The following is an example kerchunk file that has been generated for some specific CCI data, which can be used to index only the parts of the dataset file you want to work with as opposed to the whole thing. To do this we use the xarray kerchunk engine (available if you have installed kerchunk with `pip install kerchunk`). Note that kerchunk Items can be found in the CCI STAC catalog by searching with the additional query `aggregation=true` which will filter on kerchunk files. We have identified a specific collection which contains an example kerchunk. The dataset details can be found at https://catalogue.ceda.ac.uk/uuid/62866635ab074e07b93f17fbf87a2c1a

In this case there is no DRS for the dataset, so by convention the Collection is labelled as the `main` dataset for the catalogue uuid.


In [9]:
import xarray as xr

kerchunk_item_search = client.search(
    collections=['62866635ab074e07b93f17fbf87a2c1a-main'],
    query=[
        'aggregation=true'
    ],
    max_items=10,
)

for item in itertools.islice(kerchunk_item_search.items(), 10):
    print(item.id, item.properties["start_datetime"], item.properties["end_datetime"])

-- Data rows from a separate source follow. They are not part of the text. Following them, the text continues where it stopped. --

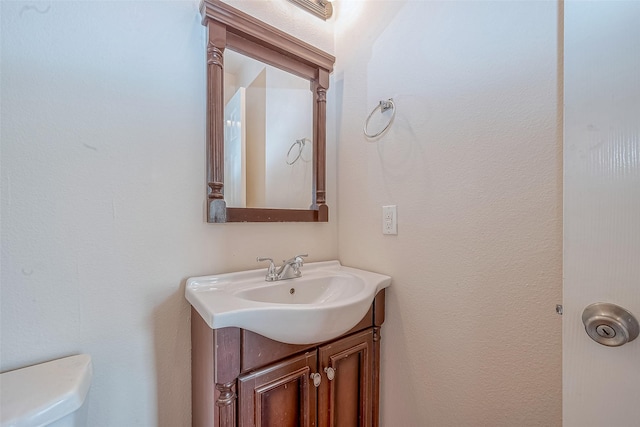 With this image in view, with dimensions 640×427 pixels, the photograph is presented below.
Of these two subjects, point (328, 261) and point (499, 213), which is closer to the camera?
point (499, 213)

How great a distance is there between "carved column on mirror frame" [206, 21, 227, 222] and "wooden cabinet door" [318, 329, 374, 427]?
63cm

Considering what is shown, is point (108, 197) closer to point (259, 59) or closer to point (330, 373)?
point (259, 59)

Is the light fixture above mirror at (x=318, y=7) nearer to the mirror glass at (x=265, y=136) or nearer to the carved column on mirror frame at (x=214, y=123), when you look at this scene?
the mirror glass at (x=265, y=136)

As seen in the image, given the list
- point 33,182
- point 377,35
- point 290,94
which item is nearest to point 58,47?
point 33,182

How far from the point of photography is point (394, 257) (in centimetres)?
106

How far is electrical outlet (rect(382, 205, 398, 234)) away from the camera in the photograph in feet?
3.44

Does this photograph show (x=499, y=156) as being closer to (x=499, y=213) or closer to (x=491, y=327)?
(x=499, y=213)

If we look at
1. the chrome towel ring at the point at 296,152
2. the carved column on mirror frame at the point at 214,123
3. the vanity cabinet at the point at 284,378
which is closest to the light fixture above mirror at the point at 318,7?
the carved column on mirror frame at the point at 214,123

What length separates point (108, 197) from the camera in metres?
0.82

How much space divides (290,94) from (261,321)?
101 centimetres

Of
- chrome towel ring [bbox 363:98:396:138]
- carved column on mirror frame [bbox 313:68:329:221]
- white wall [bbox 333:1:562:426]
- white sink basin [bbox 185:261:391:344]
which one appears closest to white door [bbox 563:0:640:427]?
white wall [bbox 333:1:562:426]

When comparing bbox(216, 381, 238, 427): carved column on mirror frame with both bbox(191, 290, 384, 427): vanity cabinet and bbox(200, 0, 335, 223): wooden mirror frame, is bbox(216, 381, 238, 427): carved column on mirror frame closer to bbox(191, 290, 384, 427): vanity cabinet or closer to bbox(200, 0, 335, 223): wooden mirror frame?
bbox(191, 290, 384, 427): vanity cabinet

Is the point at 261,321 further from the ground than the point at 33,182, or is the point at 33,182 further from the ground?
the point at 33,182

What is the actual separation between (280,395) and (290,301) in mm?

kerchunk_items = kerchunk_item_search.items()
kerchunk_item = next(kerchunk_items)

print(kerchunk_item)
print(kerchunk_item.assets['reference_file'].href)
kerchunk_ds = xr.open_dataset(kerchunk_item.assets['reference_file'].href, engine='kerchunk')

198201-201812-ESACCI-L4_FIRE-BA-AVHRR-LTDR-fv1.1_kr1.0 1982-01-01T00:00:00Z 2018-12-31T23:59:59Z
<Item id=198201-201812-ESACCI-L4_FIRE-BA-AVHRR-LTDR-fv1.1_kr1.0>
https://dap.ceda.ac.uk/neodc/esacci/fire/metadata/kerchunk/burned_area/AVHRR-LTDR/grid/v1.1/198201-201812-ESACCI-L4_FIRE-BA-AVHRR-LTDR-fv1.1_kr1.0.json


Then we can inspect our dataset and plot something from it

In [10]:
list(kerchunk_ds.variables)

['burned_area',
 'fraction_of_burnable_area',
 'fraction_of_observed_area',
 'lat',
 'lat_bnds',
 'lon',
 'lon_bnds',
 'standard_error',
 'time',
 'time_bnds']